====== DATA SECTION

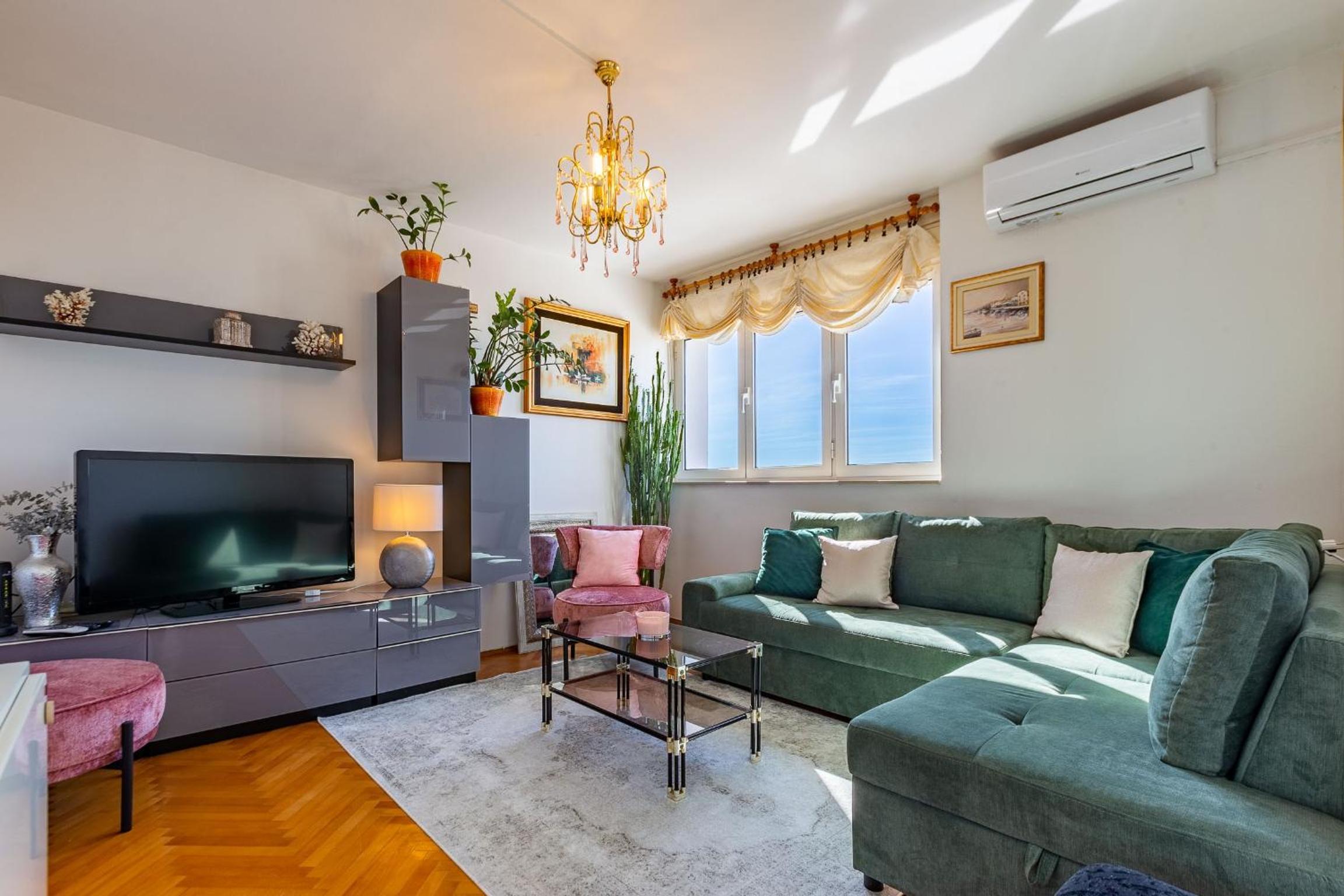 Two bedroom apartment with Balcony - Photo 29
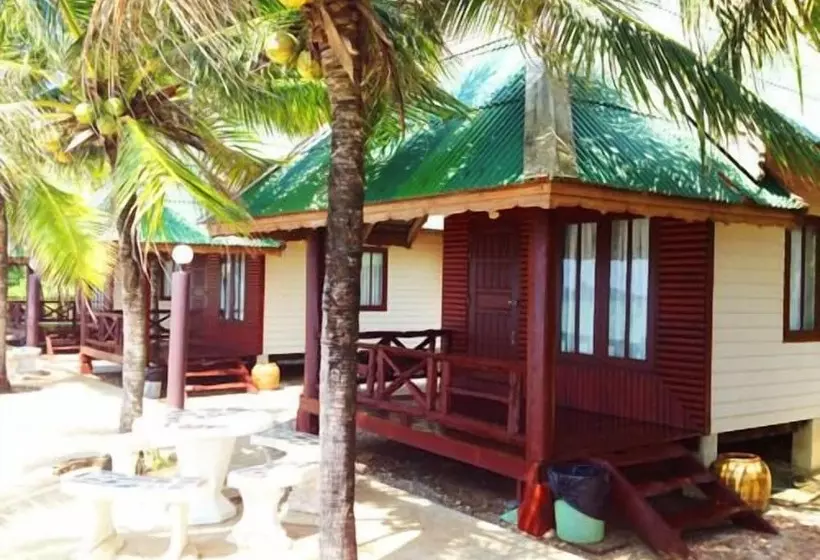 Hotelli Sri Phairin Resort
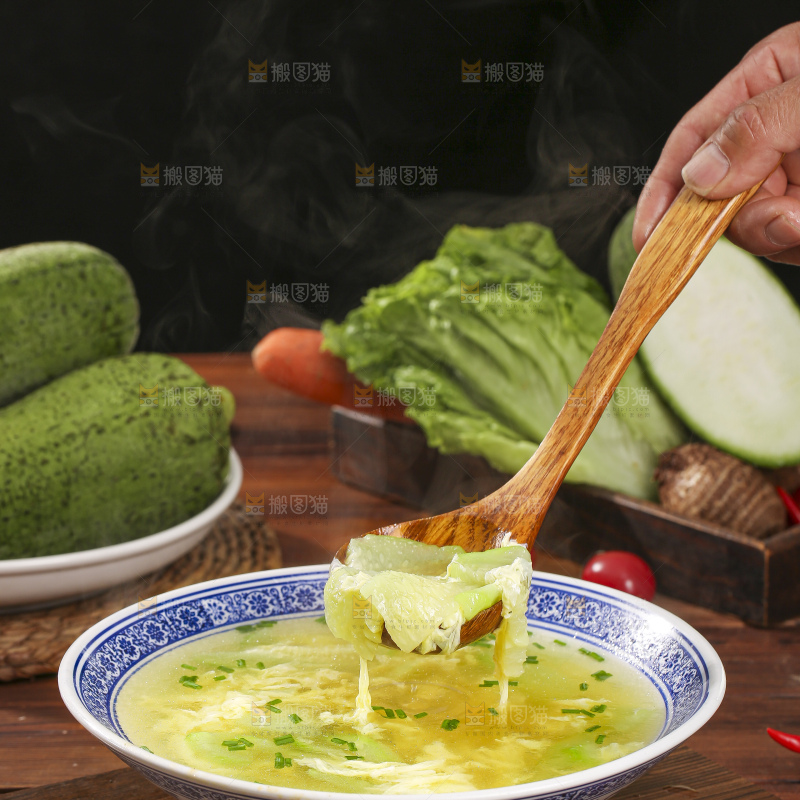 盘子里的丝瓜炒蛋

============

**EXERCISE DETAILS**
Every line above should be returned word for word, with the pictures left behind.

**TASK RESULT**
 Two bedroom apartment with Balcony - Photo 29
 Hotelli Sri Phairin Resort
 盘子里的丝瓜炒蛋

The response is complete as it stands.